A `204` response means no status snapshot has arrived yet; retry shortly.

### Application logs

Container output gives application-level context that complements lifecycle events and per-replica status.`stdout` and `stderr` are captured automatically at every lifecycle stage—startup, running, and errored—and surface on the Workload's Activity log > Logs tab.

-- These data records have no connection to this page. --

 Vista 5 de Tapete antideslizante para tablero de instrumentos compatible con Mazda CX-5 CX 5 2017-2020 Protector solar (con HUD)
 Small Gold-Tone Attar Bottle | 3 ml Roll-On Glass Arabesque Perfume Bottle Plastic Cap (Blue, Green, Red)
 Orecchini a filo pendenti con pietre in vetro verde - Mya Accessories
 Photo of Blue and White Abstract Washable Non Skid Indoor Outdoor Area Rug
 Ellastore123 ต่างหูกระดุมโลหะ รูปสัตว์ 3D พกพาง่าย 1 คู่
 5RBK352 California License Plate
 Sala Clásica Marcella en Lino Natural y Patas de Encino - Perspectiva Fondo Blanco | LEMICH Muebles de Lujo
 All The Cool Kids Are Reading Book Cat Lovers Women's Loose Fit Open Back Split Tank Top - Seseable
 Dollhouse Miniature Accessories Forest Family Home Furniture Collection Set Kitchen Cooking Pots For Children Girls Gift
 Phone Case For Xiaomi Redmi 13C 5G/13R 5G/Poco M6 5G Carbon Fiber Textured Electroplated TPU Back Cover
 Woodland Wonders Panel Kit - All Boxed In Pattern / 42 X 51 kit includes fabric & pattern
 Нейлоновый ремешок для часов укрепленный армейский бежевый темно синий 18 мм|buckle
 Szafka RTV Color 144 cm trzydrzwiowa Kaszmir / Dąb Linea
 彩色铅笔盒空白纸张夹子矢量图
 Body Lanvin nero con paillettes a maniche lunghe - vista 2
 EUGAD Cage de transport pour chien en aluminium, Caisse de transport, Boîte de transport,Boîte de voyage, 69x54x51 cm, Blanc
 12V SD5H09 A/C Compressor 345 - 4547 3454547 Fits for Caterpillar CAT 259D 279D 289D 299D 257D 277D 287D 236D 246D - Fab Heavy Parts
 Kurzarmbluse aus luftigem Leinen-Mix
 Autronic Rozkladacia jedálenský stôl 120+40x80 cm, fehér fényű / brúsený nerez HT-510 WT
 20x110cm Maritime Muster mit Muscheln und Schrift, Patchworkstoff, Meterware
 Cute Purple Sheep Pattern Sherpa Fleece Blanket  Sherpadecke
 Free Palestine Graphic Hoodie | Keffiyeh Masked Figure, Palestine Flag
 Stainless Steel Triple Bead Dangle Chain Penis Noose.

See [View Workload logs](https://docs.datarobot.com/en/docs/workload-api/monitor-workloads/activity-logs-ui/logs.html.md) for how to filter, search, and copy log output.

### Workload stuck in launching

If the pod is scheduled but not all containers have passed readiness yet, or cluster resources are still being allocated ( `provisioning`), check these common causes:

| Cause | What to check |
| --- | --- |
| Wrong readinessProbe.path or non-2xx during warmup | Confirm the path returns 2xx when the app is ready and matches the container port. |
| resourceAllocation exceeds cluster capacity | Ensure a node can schedule the pod; watch for long Pending with insufficient CPU, memory, or GPU. |
| Sidecar still starting without its own probe | Add a readiness probe to sidecars that take time to boot so they do not block the primary container from passing readiness. |
| Long installs or model downloads | Raise initialDelaySeconds or add a startupProbe so probes do not fail the Workload early. |

Check `events`, then per-replica `statusDetails`, for unmet conditions.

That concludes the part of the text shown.